Posing & Construction
Multiple sketches are being created to substantiate what is being shown. Basically rough circles and lines are turned into actual posing dolls that serve as base for the next stage. This is also where the black/light balance and perspective is being defined and a rough background is being created. The construction here must have taken ages: just look at the crystals on Grunbeld (as far as I am concerned, the other apostles shouldn’t be as much work in comparison)
Duration: 10 h (normally it takes less but oof, those crystals….)
Detailing
Surfaces are being textured, clothes and armor are added. Example: Grunbeld’s scales are being refined (e.g. adding bumps into a straight construction line to shape the scales on his neck), or the spikes and teeth on the other apostles. This is the stage where Miura splits up his drawings into different layers enables him to draw very detailed and properly constructed people/characters that are behind other objects or characters. After that, he puts all layers back together in a clean pre-ink draft. As such, this stage takes most of time.
Duration: 20 h (given the detail and complexity of the page)
Inking
Miura’s taking a clean sheet of paper and traces his pre-ink draft with ink. Given the amount of ink on this page this can take a while, but not as much as posing and detailing together. Because Miura has already drawn the details before in the previous stage, drawing them again goes a little quicker, and he also knows how to do the strokes already, too.

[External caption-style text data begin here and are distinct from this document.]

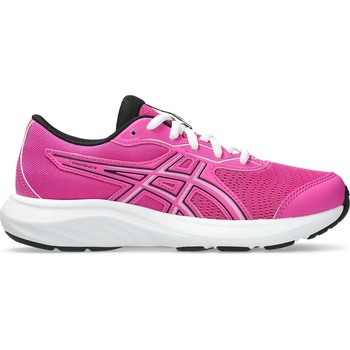 Asics Детски маратонки Asics ASICS Contend 9 GS Kids Road Running Shoes - Dig Sakura/Blk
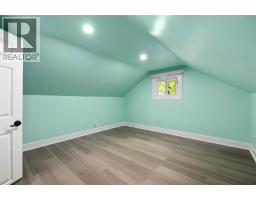 192 PENROSE STREET - 8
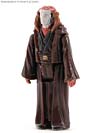 Star Wars Transformers Saesee Tiin (Jedi Starfighter) - Image #51 of 126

Duration: 15 h (make that 50% more if you take major fuck-ups into account)
Final Edit
Someone has to scan in the pages and add some toning to them. I only did this digitally so far and am not familiar with traditional means. It can get quite cumbersome depending on the page.
Duration: 7 h
Miura takes a total of approx. 55 hours for this particular page.
More Estimates
Congratulations, we have obtained an estimate how much time Miura takes for a single page! That being said, the amount of time can vary greatly as well depending on how complex and dark a page is. When an entire panel fills up the entire page and pages with just few panels and only little ink on screen, they are usually much quicker to draw, especially if the motive is simple with only little black space.
I personally think 55 hours is good estimate – in my experience, I have also attempted to imitate his planning processes and art style creating my fancomic, and a single page with much less complexity takes me around 14 – 20 hours. I am also under the impression that a lot of time goes into refining the pages, getting them to the quality they have, and my time estimation reflects that.
If we assume it takes Miura 55 hours to create a page as complex as this (think of the sea god chapters, where almost all pages look as detailed ) we can estimate a couple of other things:
How many working days does Miura take to finish a single page?
If we assume he works 12 hours a day , he will be taking
55 hours / 12 hours = 4.58 days
to finish this page in particular. That’s almost an entire work week (without breaks, too). And it’s not taking necessary creative breaks into account, either.
How many working days does Miura take to finish an entire chapter?
Now if we assume that
- each page takes 55 hours to complete
- he needs 4.58 work days for each page
- each chapter as around 21 pages
we can estimate how long an entire chapter takes:
4.58 days x 21 pages = 96.18 work days.
Now let’s translate work days into real time: each month has 21 work days on average. That means
96.18 work days / 21 work days (= a work month) = 4.58 real time months.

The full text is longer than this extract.